▶ What is expected: Using the listing below, copy exactly each line from the one that has "This is a 2007" through the one that has "Discover the Leather"; omit the pictures.

▶ Entries supplied:
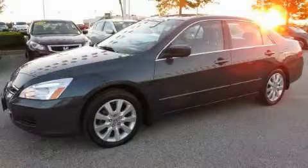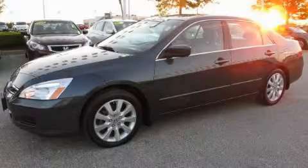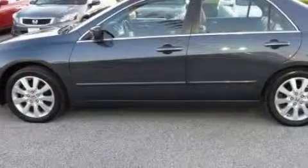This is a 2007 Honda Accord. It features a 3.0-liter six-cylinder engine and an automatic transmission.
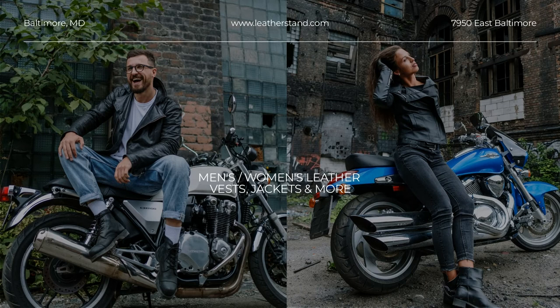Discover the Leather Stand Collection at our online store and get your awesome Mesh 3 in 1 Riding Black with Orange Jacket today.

---

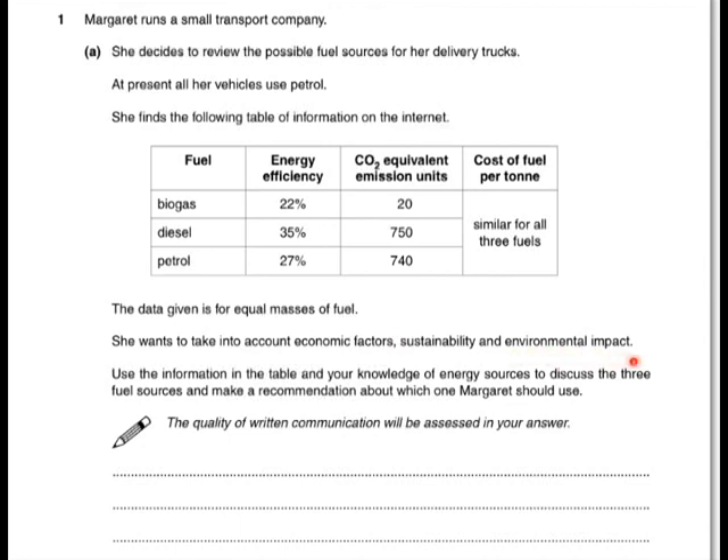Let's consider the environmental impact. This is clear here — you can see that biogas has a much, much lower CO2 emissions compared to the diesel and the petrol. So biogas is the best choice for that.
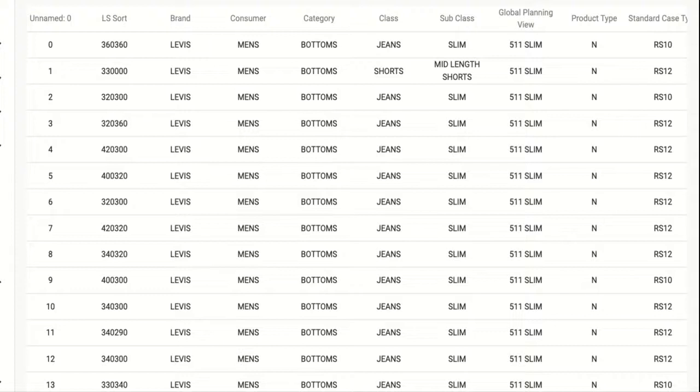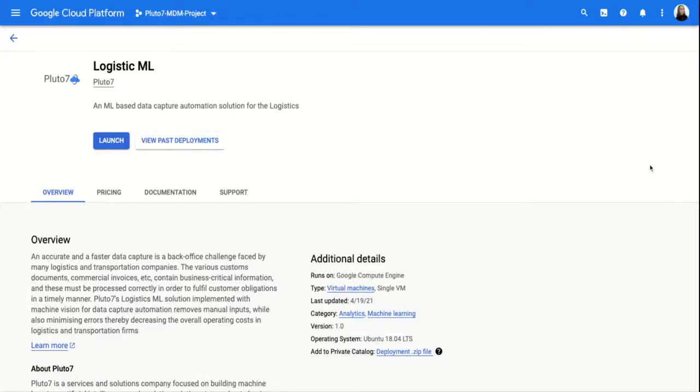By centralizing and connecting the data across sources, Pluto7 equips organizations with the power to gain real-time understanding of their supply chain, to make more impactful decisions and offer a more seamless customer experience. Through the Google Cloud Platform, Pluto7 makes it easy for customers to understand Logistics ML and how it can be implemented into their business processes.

▶ Exercise answer:
This is a 2007 Honda Accord. It features a 3.0-liter six-cylinder engine and an automatic transmission.
Discover the Leather Stand Collection at our online store and get your awesome Mesh 3 in 1 Riding Black with Orange Jacket today.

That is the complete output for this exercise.